She’s dedicated, focused, and adaptable. She has the ability to stick to a schedule and communicate well. She is sometimes sleep-deprived, sometimes struggling to not feel guilty and always dedicated to the task at hand. She worries about the tiny humans she looks after. And the big humans, too.

I don’t know about you, but sounds like someone I would want on my team.

So what did I decide to do when I got that phone call?

As you may have guessed by now, I left the office, and I worked from home for a few days, stopping when I needed to, to nurse and care for my son. At one point, he fell asleep on my chest and rather than move him, I decided to let him sleep while I worked on the outline for an upcoming presentation. In some ways, that’s the picture of a “working mom” today. It’s incredibly varied and it has many faces.
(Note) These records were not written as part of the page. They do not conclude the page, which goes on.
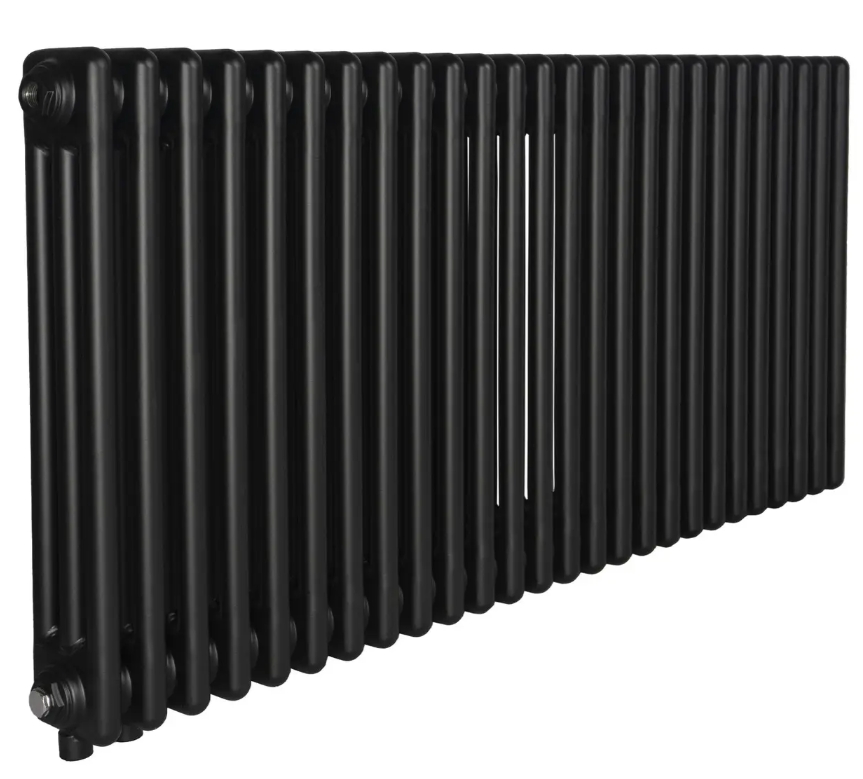 Радіатор для опалення Warm Well Column 3 575x1190 (CL305711MB) чорний ціна 16988 грн - фотографія 2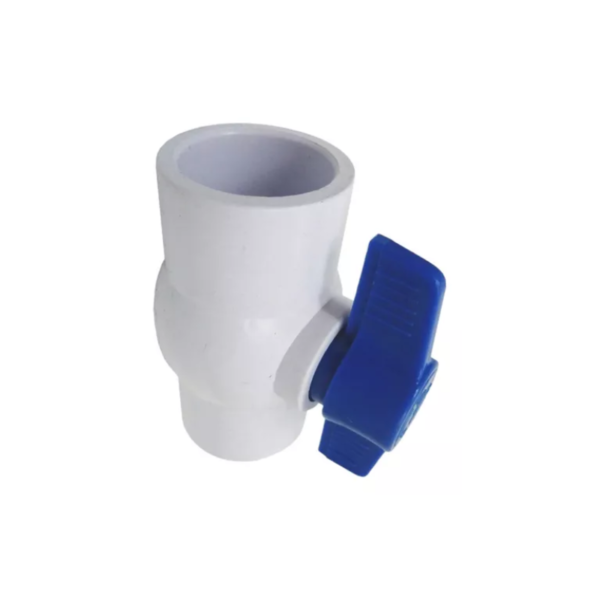 Llave Válvula PVC 6 Pulgadas Lisa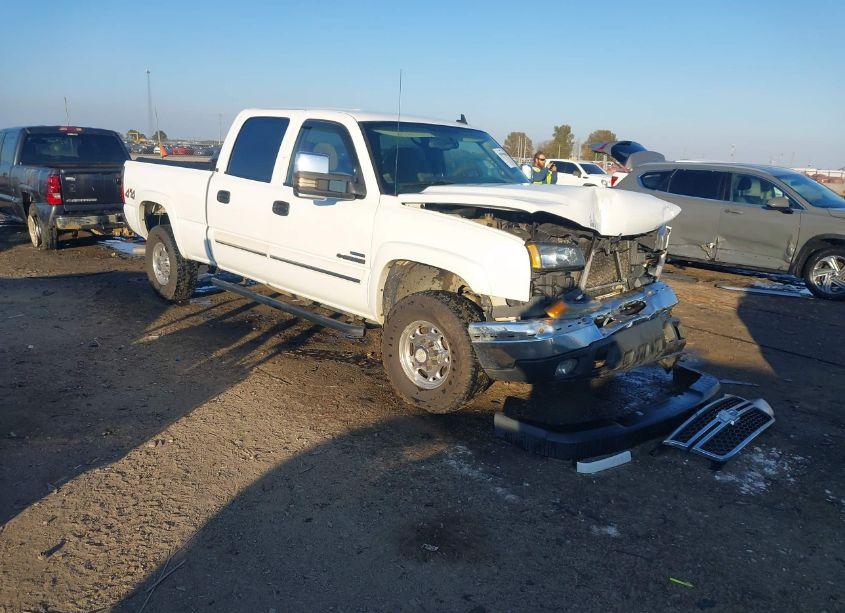 2007 Chevrolet Silverado 2500HD CLASSIC LT2 (VIN 1GCHK23D47F141541) main photo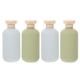 thumbnail image 1 of GOOHOCHY 4 botellas de viaje rellenables para champú y acondicionador, contenedores de artículos de tocador apretables, botellas dispensadoras de champú portátiles, botellas de viaje de plástico., 1 of 7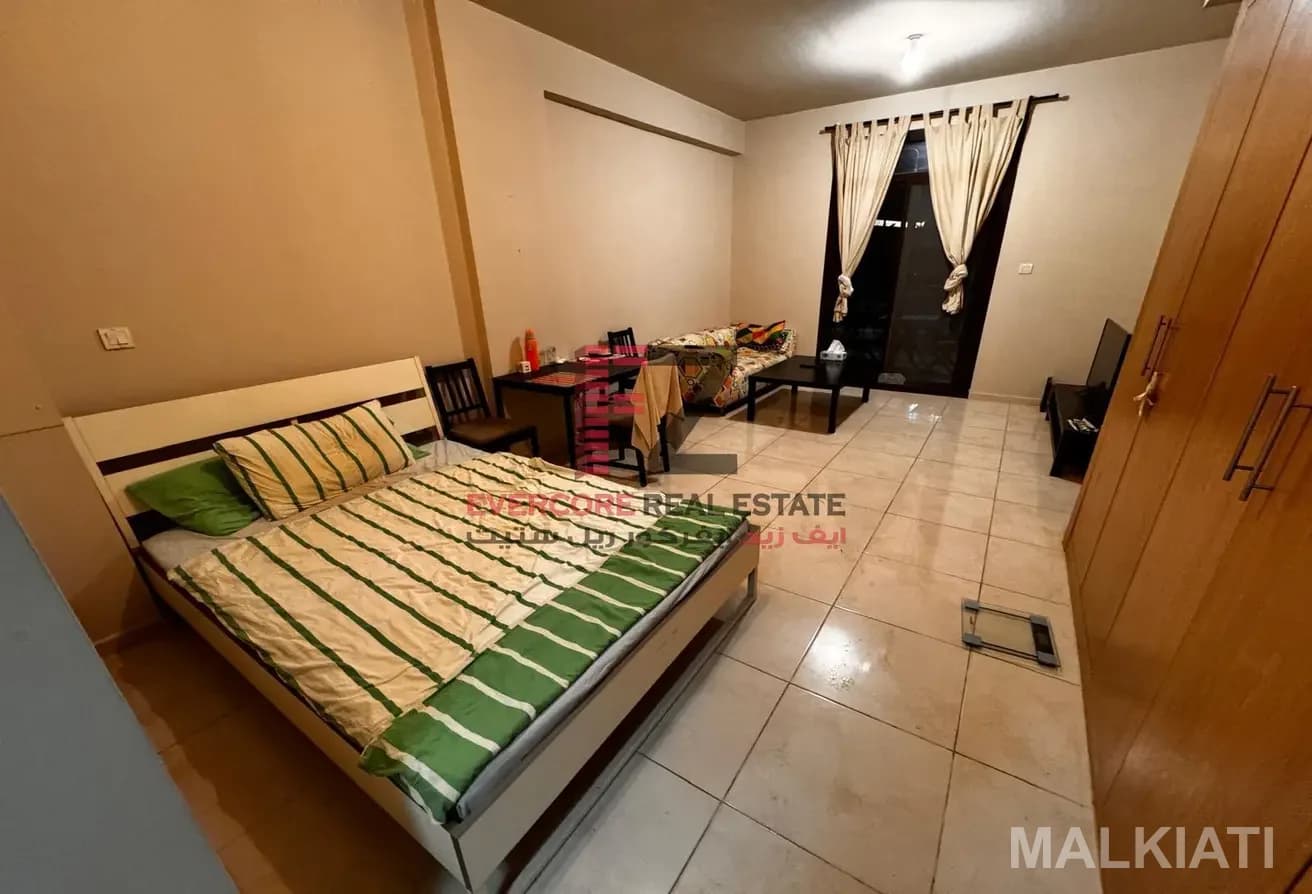 Studio | Furnished | QAR. 4,500 | Balcony - Image 2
If there’s one thing that I wish all of us parents would do, it would be to ditch the guilt and give ourselves just a little bit more slack. We’re only human. In today’s world of curated picture-perfect moments captured on social media and higher demands on our time than ever before, it’s important to remember that.

As Corey Wainwright, Director of Content at HubSpot puts it:

Everyone’s lives are so different. Different jobs with different demands. Dual income household, single income. Lots of family nearby, little or none. Long commute. Short commute. Flexible work environment. Rigid working hours and requirements. The best thing we can do for each other is stop making comparisons. Because what’s right for one of us doesn’t work for others.”

Whatever your picture of a working mom looks like right now is exactly what it’s supposed to look like and is exactly, imperfectly, perfect.